Lawyers for professional services group RSM Tenon have raised "serious concerns" about the quality of PwC's audit and advised Tenon may have a legal claim, according to reports.
The Times reports Britain's biggest accountancy firm has responded by accusing Tenon of misleading its audit team "through both omission and deliberate misrepresentation", documents show.
Ian Powell, PwC's senior partner, is understood to have met Adrian Martin, Tenon's chairman, to try to defuse the situation. Both firms refused to comment to the Times.
Tenon revealed in January its two top directors had stepped aside amid mounting losses and it would have to restate its last full-year accounts.
The Times reports the extent of its financial troubles only came to light after Tenon had been approached by a potential private equity buyer in the second half of last year.
HgCapital initially made a 43p a share cash offer, valuing Tenon at £140m. However, after bringing in Deloitte, PwC's Big Four rival, to conduct due diligence, it "completely lost confidence in Tenon's historic and current financial statements together with Tenon's ability to forecast its future finances", documents seen by the Times show.
A revised offer of 5p per share, with additional payments of £25m to reduce Tenon's debt and £20m to boost working capital, also fell through.
Lawyers from Reynolds Porter Chamberlain, who reviewed PwC's work, told Tenon's board: "It is remarkable to see the accounts of a public company ... audited by a Big Four firm undermined so comprehensively through pre-acquisition due diligence."
RPC claimed PwC's failure to uncover errors in Tenon's last full-year accounts contributed to the collapse of the HgC deal and advised Tenon may be able to seek damages from its auditor.
However, PwC blamed Tenon for the errors in the accounts. In a letter to Tenon's audit committee from Bowker Andrews, a veteran partner responsible for the Tenon audit, PwC claimed it had been given draft accounts for the year ended June 30, 2011, that included "what may have been knowingly incorrect accounting treatment".
In February, Tenon revealed an £84m first-half loss after taking a £61m writedown on goodwill.
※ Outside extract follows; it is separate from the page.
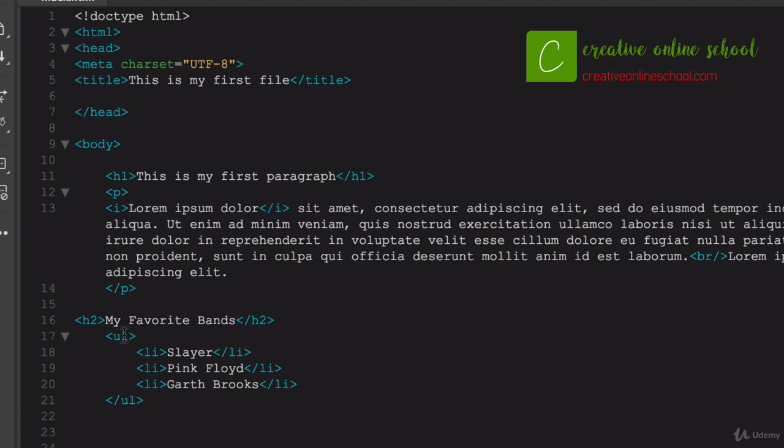All right, so we turn that unordered list into an ordered list. So the HTML tag for that is OL, and make sure that we close that out properly, OL, otherwise we get HTML garbage in here, and it's not going to work.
It admitted to "significant errors" in its last full-year accounts.
Tenon's shares closed on Friday at 8½p, down nearly 90% compared with the start of last year.
PwC was fined a record £1.4m by the audit watchdog in January for failing to spot its client JP Morgan had not properly protected billions of dollars of client money. A separate investigation is reviewing its audit of Cattles, the failed sub-prime lender, according the Times reports.